Meta-Confidence & Contradiction Tracking

Know when to trust the guardrail — and detect when your AI contradicts itself.

Verdict Confidence

Every CoherenceScore now includes verdict_confidence: a measure of how confident the guardrail is in its own approval/rejection decision. No other hallucination guardrail answers this question.

from director_ai import CoherenceScorer

scorer = CoherenceScorer(use_nli=True)
approved, score = scorer.review(prompt, response)

print(f"Approved: {approved}")
print(f"Score: {score.score:.3f}")
print(f"Verdict confidence: {score.verdict_confidence:.3f}")
print(f"Signal agreement: {score.signal_agreement:.3f}")

How It Works

Three orthogonal signals are combined:

  1. Margin — distance between the score and the threshold. Score 0.51 at threshold 0.50 = margin 0.01 = low confidence. Score 0.90 at threshold 0.50 = margin 0.40 = high confidence.
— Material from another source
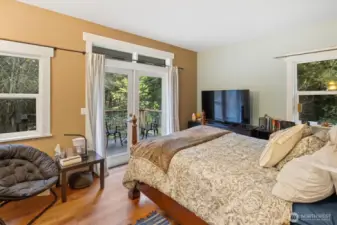 Bright and airy primary suite with plenty of natural light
  2. Signal agreement — do the logical and factual divergence signals agree? When h_logical says "fine" but h_factual says "hallucination", the verdict is less trustworthy.

  3. NLI model confidence (when available) — the softmax entropy of the NLI prediction. High entropy = the model is uncertain about the entailment label.

The combined confidence is min(margin, signal_agreement, nli_confidence) — the weakest signal determines the verdict confidence.

Routing Low-Confidence Results

approved, score = scorer.review(prompt, response)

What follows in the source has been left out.